### RECORDS SUPPLIED ###

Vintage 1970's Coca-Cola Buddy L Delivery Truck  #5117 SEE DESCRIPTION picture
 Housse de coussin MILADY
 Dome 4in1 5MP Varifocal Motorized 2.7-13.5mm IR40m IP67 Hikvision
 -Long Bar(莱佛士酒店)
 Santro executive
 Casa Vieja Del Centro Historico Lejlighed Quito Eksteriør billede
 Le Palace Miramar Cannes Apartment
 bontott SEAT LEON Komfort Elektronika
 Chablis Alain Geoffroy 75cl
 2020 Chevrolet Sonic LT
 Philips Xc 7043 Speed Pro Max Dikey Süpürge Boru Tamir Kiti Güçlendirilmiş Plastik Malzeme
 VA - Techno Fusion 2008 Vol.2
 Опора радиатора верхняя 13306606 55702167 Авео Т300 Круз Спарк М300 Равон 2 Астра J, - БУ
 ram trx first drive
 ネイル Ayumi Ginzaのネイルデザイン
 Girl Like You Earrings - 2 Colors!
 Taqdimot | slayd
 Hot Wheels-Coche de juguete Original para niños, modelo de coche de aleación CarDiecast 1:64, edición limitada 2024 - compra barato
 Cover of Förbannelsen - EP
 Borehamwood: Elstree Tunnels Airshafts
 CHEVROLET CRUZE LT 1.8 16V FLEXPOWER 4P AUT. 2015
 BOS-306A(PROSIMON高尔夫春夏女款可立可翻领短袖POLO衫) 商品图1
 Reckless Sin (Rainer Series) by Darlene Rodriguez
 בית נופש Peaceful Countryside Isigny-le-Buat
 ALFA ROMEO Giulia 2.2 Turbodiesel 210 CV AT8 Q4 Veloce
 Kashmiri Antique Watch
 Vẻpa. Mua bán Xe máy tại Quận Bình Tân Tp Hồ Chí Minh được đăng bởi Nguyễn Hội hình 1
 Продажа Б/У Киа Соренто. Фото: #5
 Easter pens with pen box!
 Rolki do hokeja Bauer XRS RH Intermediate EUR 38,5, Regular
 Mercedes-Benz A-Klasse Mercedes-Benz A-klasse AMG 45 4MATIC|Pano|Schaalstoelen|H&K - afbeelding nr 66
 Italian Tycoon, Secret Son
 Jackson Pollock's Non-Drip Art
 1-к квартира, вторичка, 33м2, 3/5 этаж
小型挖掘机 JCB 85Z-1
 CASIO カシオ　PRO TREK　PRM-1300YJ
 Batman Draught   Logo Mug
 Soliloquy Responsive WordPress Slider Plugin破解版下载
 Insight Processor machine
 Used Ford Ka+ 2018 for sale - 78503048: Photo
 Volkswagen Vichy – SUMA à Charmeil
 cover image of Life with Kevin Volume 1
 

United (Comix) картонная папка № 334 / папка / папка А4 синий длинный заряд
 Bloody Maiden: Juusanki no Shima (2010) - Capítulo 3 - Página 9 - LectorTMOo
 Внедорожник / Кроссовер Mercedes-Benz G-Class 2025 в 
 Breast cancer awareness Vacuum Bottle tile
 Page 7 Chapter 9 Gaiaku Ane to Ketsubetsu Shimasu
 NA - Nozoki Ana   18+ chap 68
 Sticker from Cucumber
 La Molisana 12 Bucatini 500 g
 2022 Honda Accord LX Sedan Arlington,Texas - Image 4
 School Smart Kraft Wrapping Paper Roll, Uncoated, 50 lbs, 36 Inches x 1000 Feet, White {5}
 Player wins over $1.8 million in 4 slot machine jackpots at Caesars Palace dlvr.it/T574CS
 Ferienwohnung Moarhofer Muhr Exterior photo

###

* _TASK GOAL_
Reproduce every record that appears above, keeping the wording exact.

* _TASK ANSWER_
Vintage 1970's Coca-Cola Buddy L Delivery Truck  #5117 SEE DESCRIPTION picture
 Housse de coussin MILADY
 Dome 4in1 5MP Varifocal Motorized 2.7-13.5mm IR40m IP67 Hikvision
 -Long Bar(莱佛士酒店)
 Santro executive
 Casa Vieja Del Centro Historico Lejlighed Quito Eksteriør billede
 Le Palace Miramar Cannes Apartment
 bontott SEAT LEON Komfort Elektronika
 Chablis Alain Geoffroy 75cl
 2020 Chevrolet Sonic LT
 Philips Xc 7043 Speed Pro Max Dikey Süpürge Boru Tamir Kiti Güçlendirilmiş Plastik Malzeme
 VA - Techno Fusion 2008 Vol.2
 Опора радиатора верхняя 13306606 55702167 Авео Т300 Круз Спарк М300 Равон 2 Астра J, - БУ
 ram trx first drive
 ネイル Ayumi Ginzaのネイルデザイン
 Girl Like You Earrings - 2 Colors!
 Taqdimot | slayd
 Hot Wheels-Coche de juguete Original para niños, modelo de coche de aleación CarDiecast 1:64, edición limitada 2024 - compra barato
 Cover of Förbannelsen - EP
 Borehamwood: Elstree Tunnels Airshafts
 CHEVROLET CRUZE LT 1.8 16V FLEXPOWER 4P AUT. 2015
 BOS-306A(PROSIMON高尔夫春夏女款可立可翻领短袖POLO衫) 商品图1
 Reckless Sin (Rainer Series) by Darlene Rodriguez
 בית נופש Peaceful Countryside Isigny-le-Buat
 ALFA ROMEO Giulia 2.2 Turbodiesel 210 CV AT8 Q4 Veloce
 Kashmiri Antique Watch
 Vẻpa. Mua bán Xe máy tại Quận Bình Tân Tp Hồ Chí Minh được đăng bởi Nguyễn Hội hình 1
 Продажа Б/У Киа Соренто. Фото: #5
 Easter pens with pen box!
 Rolki do hokeja Bauer XRS RH Intermediate EUR 38,5, Regular
 Mercedes-Benz A-Klasse Mercedes-Benz A-klasse AMG 45 4MATIC|Pano|Schaalstoelen|H&K - afbeelding nr 66
 Italian Tycoon, Secret Son
 Jackson Pollock's Non-Drip Art
 1-к квартира, вторичка, 33м2, 3/5 этаж
小型挖掘机 JCB 85Z-1
 CASIO カシオ　PRO TREK　PRM-1300YJ
 Batman Draught   Logo Mug
 Soliloquy Responsive WordPress Slider Plugin破解版下载
 Insight Processor machine
 Used Ford Ka+ 2018 for sale - 78503048: Photo
 Volkswagen Vichy – SUMA à Charmeil
 cover image of Life with Kevin Volume 1
 

United (Comix) картонная папка № 334 / папка / папка А4 синий длинный заряд
 Bloody Maiden: Juusanki no Shima (2010) - Capítulo 3 - Página 9 - LectorTMOo
 Внедорожник / Кроссовер Mercedes-Benz G-Class 2025 в 
 Breast cancer awareness Vacuum Bottle tile
 Page 7 Chapter 9 Gaiaku Ane to Ketsubetsu Shimasu
 NA - Nozoki Ana   18+ chap 68
 Sticker from Cucumber
 La Molisana 12 Bucatini 500 g
 2022 Honda Accord LX Sedan Arlington,Texas - Image 4
 School Smart Kraft Wrapping Paper Roll, Uncoated, 50 lbs, 36 Inches x 1000 Feet, White {5}
 Player wins over $1.8 million in 4 slot machine jackpots at Caesars Palace dlvr.it/T574CS
 Ferienwohnung Moarhofer Muhr Exterior photo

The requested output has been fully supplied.